It’s Monday: I wake up at 6:30 am to take the CTA Green Line to the Chicago Loop. Now it’s Tuesday, and I’m up at 5:30 am to take the Brown Line all the way north to Albany Park. On Wednesday I’m back in the Loop; Thursday and Friday are Albany Park days. Duolingo on the morning commute, novels on the way back. This has been my schedule for the last three weeks, as I’ve been alternating between two internships—one at Lyric Opera of Chicago, and one at The People’s Music School. Thanks to the funding I received from the HCAH, these positions have allowed me to explore my passions in both music education and arts administration from multiple angles.
I worked in Lyric’s PR/Marketing department last summer and stayed in touch with the office during the year, so returning there felt like coming home. Lyric is really the ideal intern workplace. Not once have I been asked to fetch anyone coffee—instead, I specialize in copywriting whatever needs to be written. Last year, I drafted blog posts, artist biographies, and two 2000-word articles to be featured in mainstage programs. This summer, my focus has changed from dramaturgy to media relations. I’m writing all of the press releases for the season as well as a few newsletter articles and another program feature. I’ve also led interviews, archived newspaper clippings, and assisted my supervisor with a photo shoot for a visiting magazine.

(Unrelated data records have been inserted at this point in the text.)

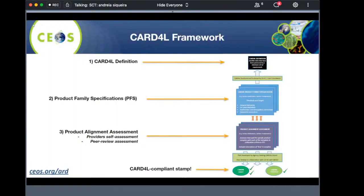The CEOS analysis ready data framework has three elements. The first is the definition, which Adam already talked about. The second is the product family specifications — technical documents providing details on what corrections data providers need to apply in order to deliver analysis-ready data. Initially, three PFS were created and endorsed: surface reflectance, surface temperature, and normalized radar backscatter.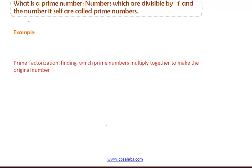Hello and welcome to this section. In this section, we learn about the prime numbers. First, what is a prime number? Numbers which are divisible by the number 1 and the number itself are called prime numbers.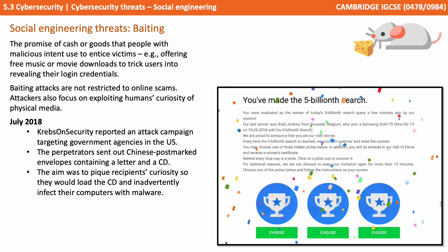Baiting is the promise of cash or goods that people with malicious intent use to entice victims. Often it's offering free music or movie downloads to trick the user into revealing their login credentials. Baiting attacks are not restricted to only online scams.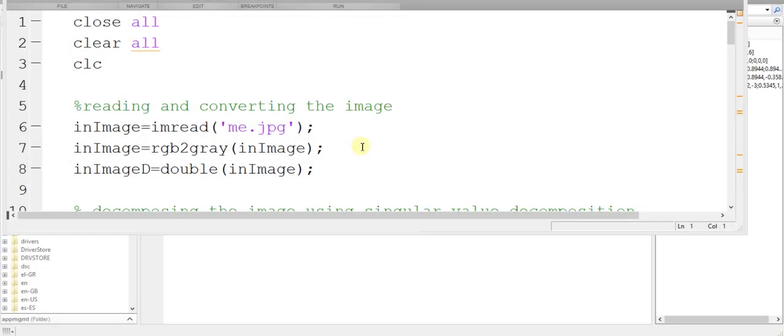Hello, it's Ahmad Fethi, and in this video, I'd like to show you that using a small number of singular values is actually efficient to approximate an image to a very accepted level.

I’m also dedicating some of my time to Lyric Unlimited, a division of the opera house that centers around educational programming and community engagement. At its core, LU seeks to bring opera to non-typical opera audiences—specifically to youth and people of color. My work with the department varies from week to week. My main project has been collecting testimonials from participants in the EmpowerYouth! program. Empower is the result of a partnership between Lyric and the Chicago Urban League, an organization dedicated to the empowerment of Black communities in the city. The eight-month program gives thirty South Side high school students the opportunity to develop their skills in acting, singing, writing, dancing, rapping, and more, all while gaining confidence in self-expression. A few weeks ago, I was invited to visit the Chicago Urban League to speak with an administrator there about the impact of the program and the potential benefit of the testimonials. I hope to be able to conduct some of the student interviews myself in my remaining days at Lyric.
Other than being a performing arts nonprofit, The People’s Music School is different from Lyric in almost every way. TPMS is a high-quality, tuition-free music program designed for students of families who wouldn’t otherwise be able to afford music education. Their students take private lessons, practice in ensembles, study music theory, and perform at large-scale Chicago music events. During the school year, TPMS offers an after-school program in three locations, and in the summer, they transition to a three-week summer camp. Because the school doesn’t charge tuition, many facets of the camp function with the help of volunteers, especially parents of students and interns like myself.
At the beginning of camp, I spent most of my time assisting teachers and walking kids from place to place. But as the program went on, I was given more and more responsibility. I was substitute-teaching classes by the end of the last week. In my “rock band” class, we learned and recorded an arrangement of the “Cups” song featuring drum pad, double bass, bells, piano, singing, and cups, of course. Two students forgot to bring their instruments to my practice class, so I had them create an original rhythm pattern on a wooden stool, a music stand, and a metal folding chair. My most fulfilling teaching experience involved an eight-year-old trumpet player who had lost her trumpet: while her classmates practiced the piece they had spent the week composing, this student worked individually with me on conducting. In our final class period, she stood alone on the stage and conducted the ensemble herself. The pride and amazement on her face as she delivered the cutoff at the end of the piece were enough to assure me that I want to be an educator for the rest of my life.
As I return to Lyric full-time for the last weeks of my internship, I know I’ll miss the kids that I bonded with at camp, but I’ll also appreciate the chance to focus on my more time-intensive Lyric projects. My varied summer work has absolutely been a blessing, as it has allowed me to experience the Chicago music scene from multiple perspectives. No matter where I eventually land on the spectrum between music education and arts administration, this summer will have helped me develop the skills I’ll need to succeed beyond college.